YOUNG ADULT — Slay était un roman très attendu de la communauté des lecteurs français, aussi l’enthousiasme était très important quand le label Young Novel d’Akata a annoncé sa traduction et sa parution imminentes. Zoom sur un roman militant !
« Slay », c’est un jeu vidéo en ligne où on peut s’affronter en duel avec des cartes. Le jeu est à la fois très connu et relativement confidentiel : en effet, il faut être coopté pour y accéder.
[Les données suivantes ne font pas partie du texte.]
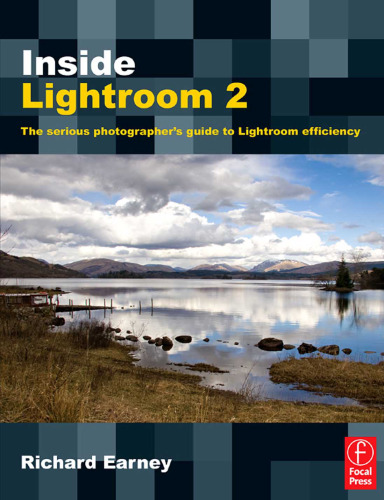 Inside Lightroom 2: The serious photographer's guide to Lightroom efficiency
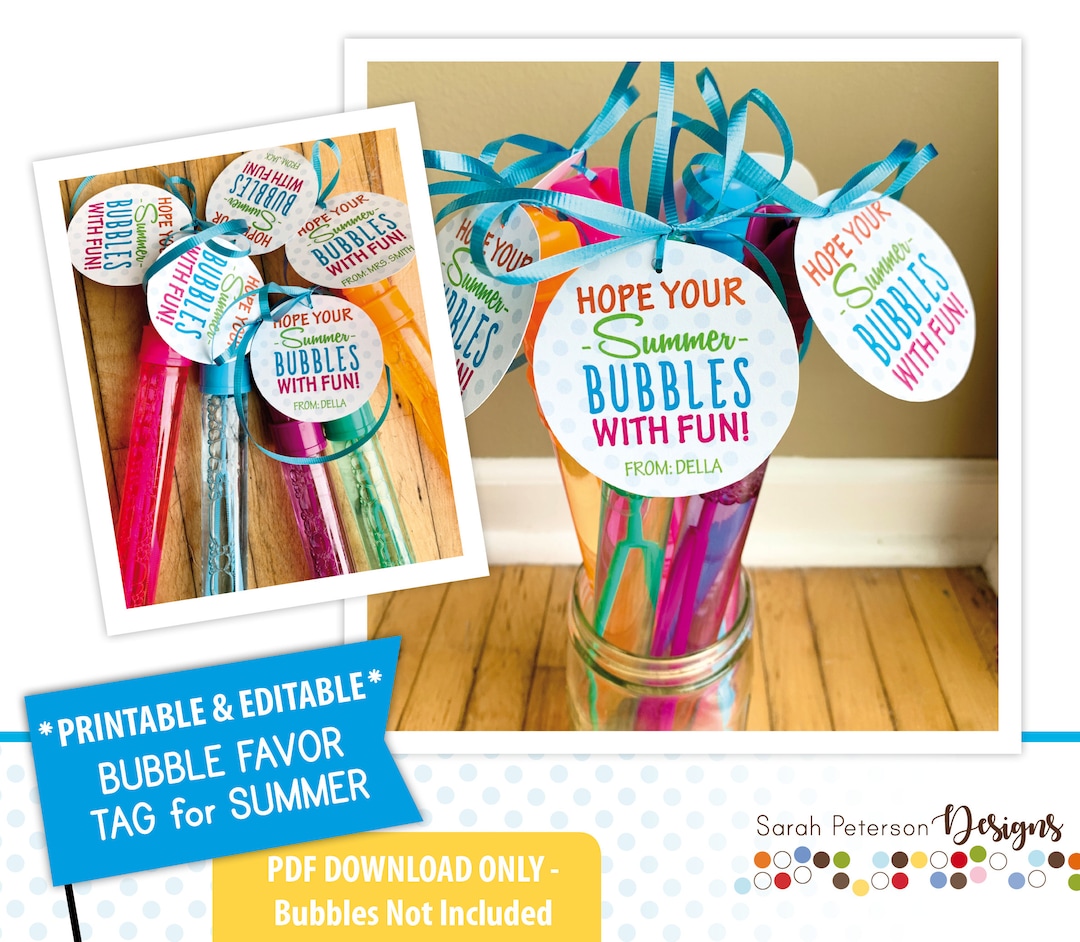 Instant Download PRINTABLE - EDITABLE - DIY - Bubble Favor Tags - "hope ...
Les codes de jeu se passent de main en main, partout dans le monde… mais uniquement au sein des communautés noires. « Slay » se veut un espace safe, sans racisme, où la culture noire est mise à l’honneur.
Un beau projet que Kiera, une Afro-Américaine de dix sept ans qui vit dans la région de Seattle, mène avec succès dans le plus grand secret. Personne ne sait que l’élève brillante, l’amie loyale et la petite amie passionnée cachent en fait une programmeuse hors-pair aux actions militantes. Kiera trouve parfois difficile de mener une double vie, mais elle s’en sort plutôt bien… jusqu’au jour où tout dérape. Un adolescent américain est assassiné dans son sommeil pour un motif en lien direct avec « Slay ». Les médias s’emparent alors de l’affaire. Le jeu est décrit comme violent et raciste car excluant. Kiera en vient à redouter d’être poursuivie en justice. Elle tente de maintenir son anonymat coûte que coûte.
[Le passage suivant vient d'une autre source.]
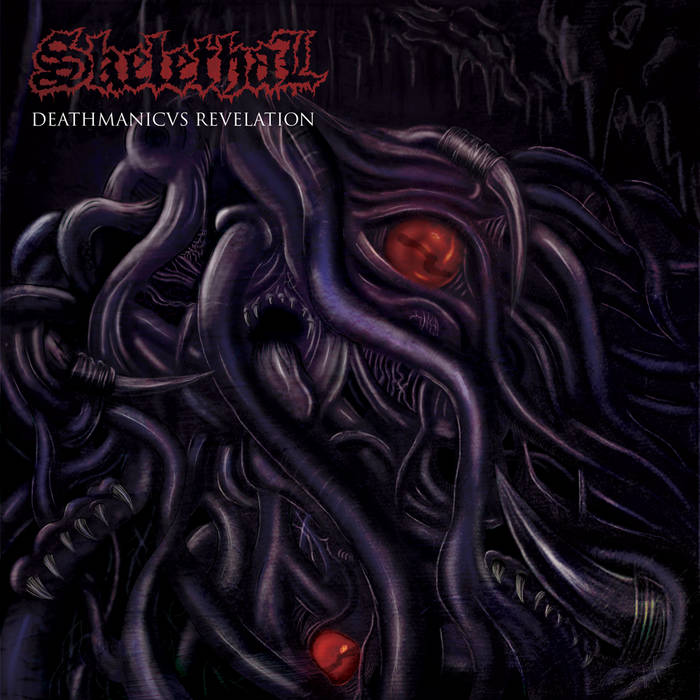 skelethal – deathmanicvs revelation [ep]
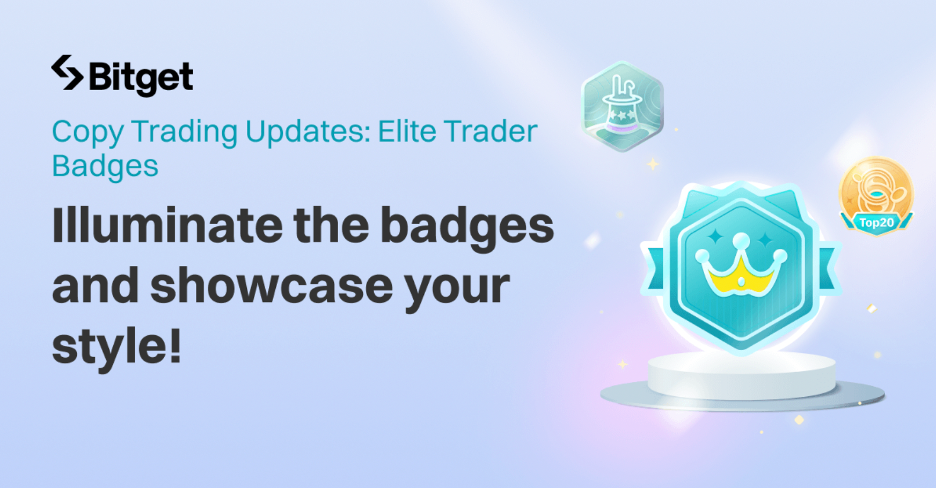 , Bitget Copy Trading Enhances User Experience with Elite Trader Badges for Top Performers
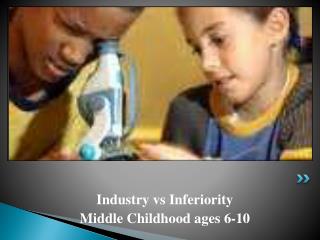 ages childhood middle industry inferiority vs presentation instrument computerized temperament questionnaire self report ppt powerpoint tasks critical children slideserve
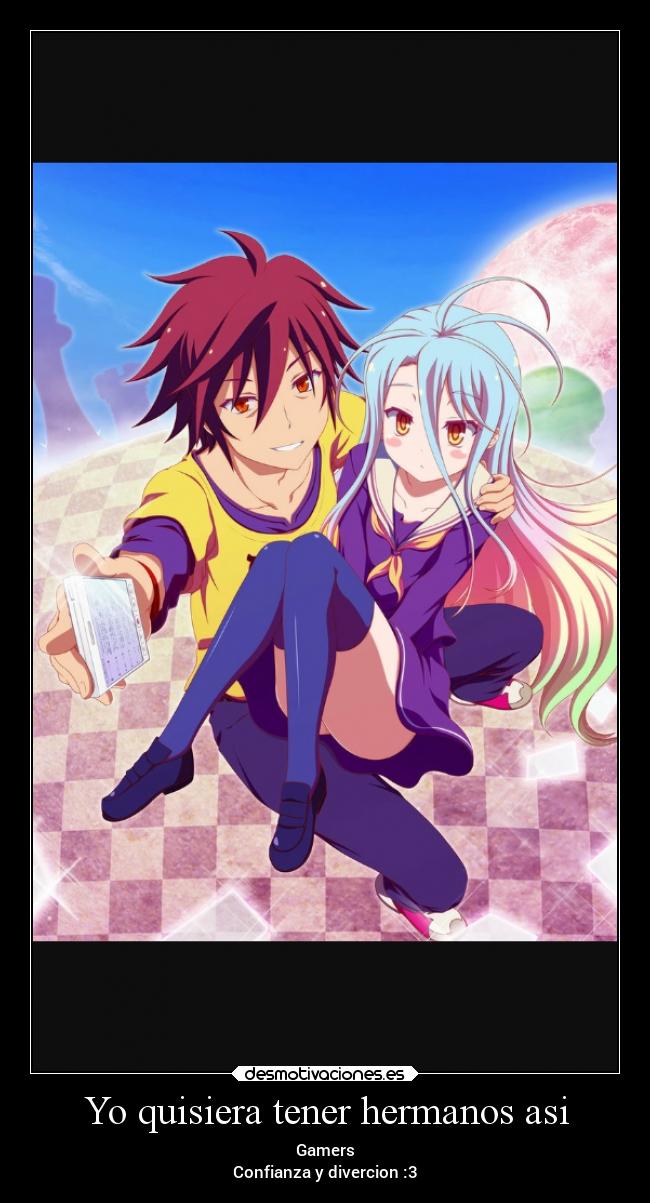 Yo quisiera tener hermanos asi - Gamers
Confianza y divercion :3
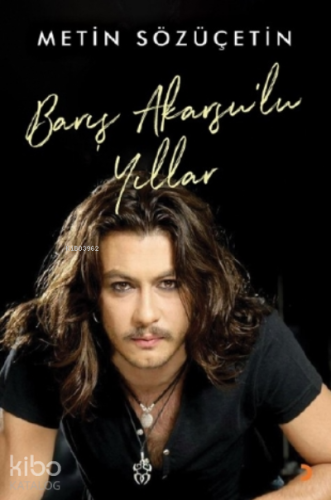 Barış Akarsu’lu Yıllar - Kitapiks.com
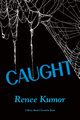 Caught, Kumor Renee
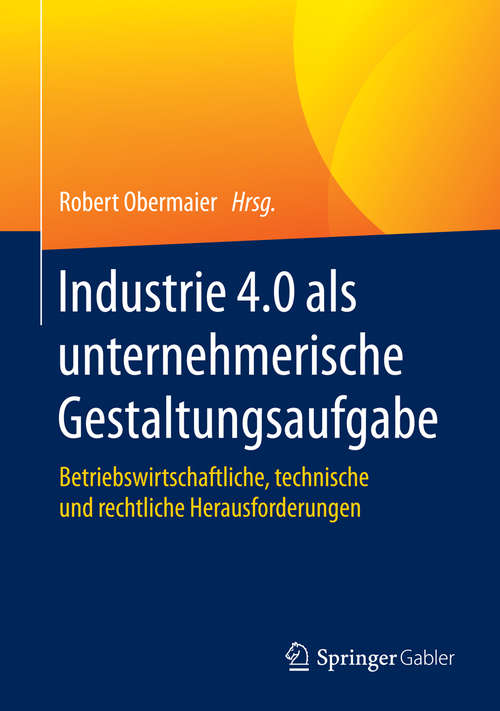Book cover of Industrie 4.0 als unternehmerische Gestaltungsaufgabe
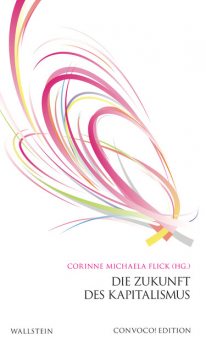 Die Zukunft des Kapitalismus, Corinne Michaela Flick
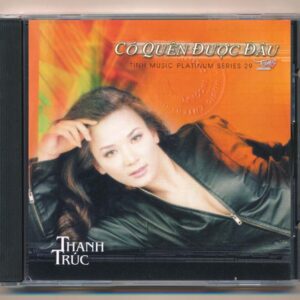 Tình Music Platinum Series CD29 - Có Quên Được Đâu - Thanh Trúc (KGTUS)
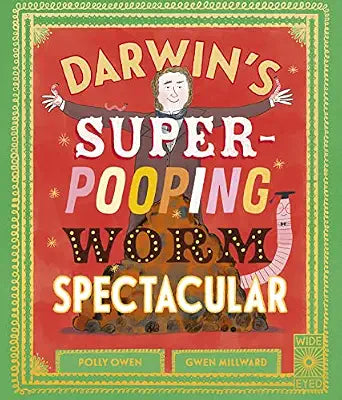 Darwin's Super-Pooping Worm Spectacular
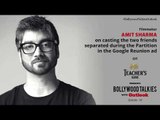 PROMO| Teacher's Glasses presents Bollywood TALKies with Outlook: Amit Sharma on ‘Google Reunion’ ad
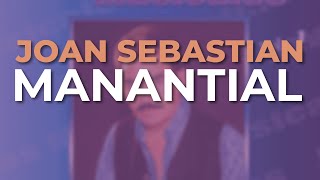 Joan Sebastian - Manantial (Audio Oficial)
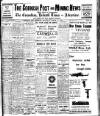 Cornish Post and Mining News Saturday 14 March 1931 Page 1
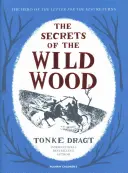 Tajomstvá divokého lesa (Dragt Tonke (Autor)) - Secrets of the Wild Wood (Dragt Tonke (Author))
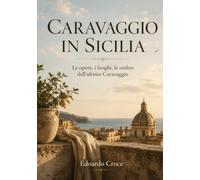 Caravaggio in Sicilia: Percorsi di un'anima turbata tra storia e laggenda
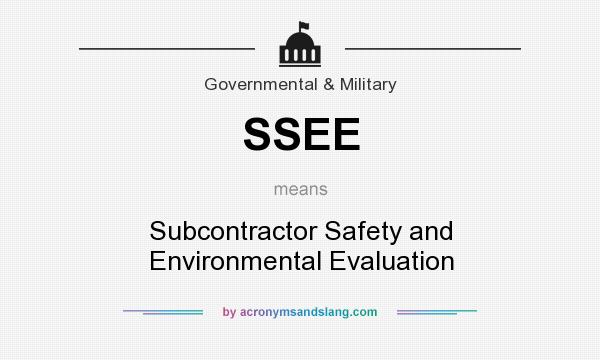 What does SSEE mean? It stands for Subcontractor Safety and Environmental Evaluation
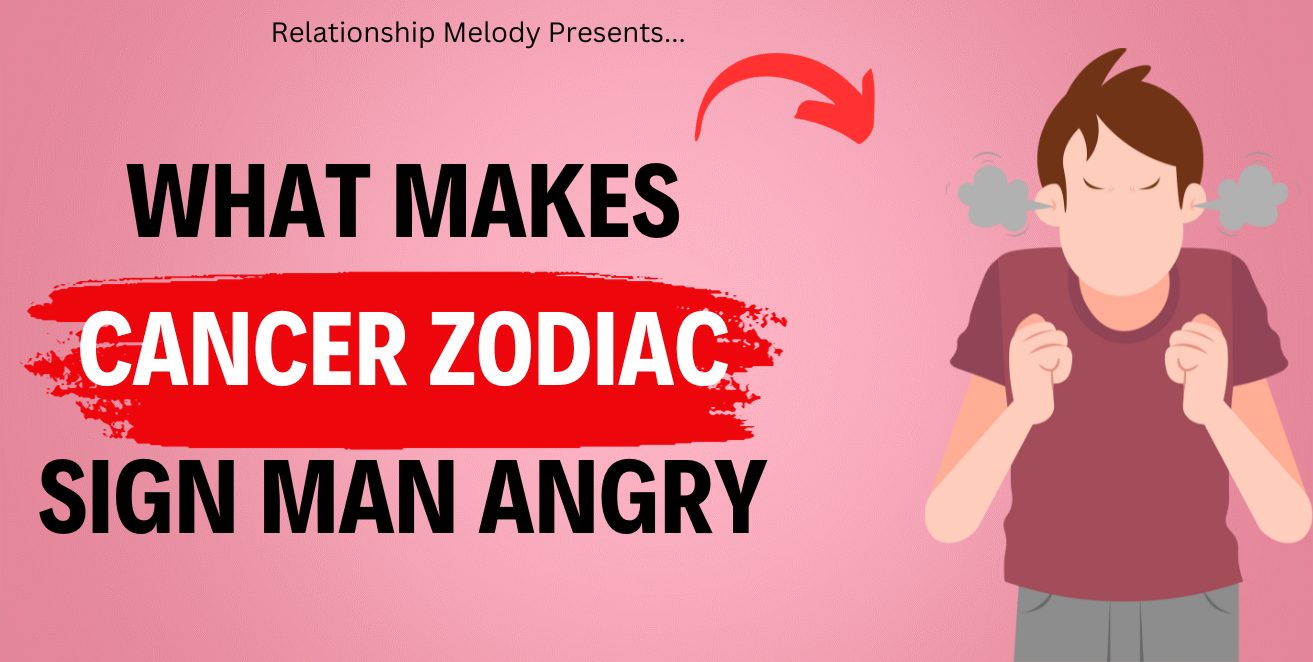 Unraveling Cancer Zodiac Man's Anger Traits - Relationship Melody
C’est un roman intéressant, bien ficelé du point de vue de l’intrigue qui vous embarque sans grandes difficultés, et qui pose de nombreuses questions et met en lumière les mille et unes discriminations du quotidien dont souffrent les Noirs au jour le jour. Kiera l’explique très bien à ses deux amis blancs, qui semblent inconscients de leurs privilèges, et de leurs maladresses. Leur évolution, leurs prises de conscience, sont adroitement amenées. Kiera, quant à elle, exprime bien l’espèce de déchirement entre la fierté qu’elle éprouve face à sa culture, et la nécessité qu’elle éprouve de l’estomper au quotidien dans un lycée majoritairement blanc. Le roman traite avec justesse de la question du racisme et dénonce une société globalement aveugle face aux discriminations du quotidien que subit une partie de la population. Elle met en lumière les rancunes persistantes face au passé américain, incarné par Malcolm, le petit ami de l’héroïne. Celui-ci rejette en bloc les jeux vidéos, obligeant ainsi Kiera à taire son secret : Malcolm pense en effet que ceux-ci tirent l’homme noir vers le bas.
Car, évidemment, au-delà des questions d’identité ethnique, le roman dénonce également la mauvaise presse faite aux jeux vidéos, accusés d’être des vecteurs de violence, qui poussent de jeunes adolescents impressionnables au crime. Kiera, elle, voulait juste un espace où jouer en toute sécurité le soir, à un jeu qui rappelle « Yu-Gi-Oh! ». Pourtant, dès que les médias s’emparent de l’histoire, le jeu est décrit comme raciste, comme violent, comme un lieu où se réunissent des gangs de criminels. L’association jeu vidéo + racisme du débat médiatique fait que « Slay » apparaît comme la création d’un dégénéré qu’il faut absolument poursuivre en justice pour incitation à la haine. Ambiance très « Fox News ».
Un roman donc intéressant à plus d’un titre, dont on déplorera peut-être le dénouement un peu rapide.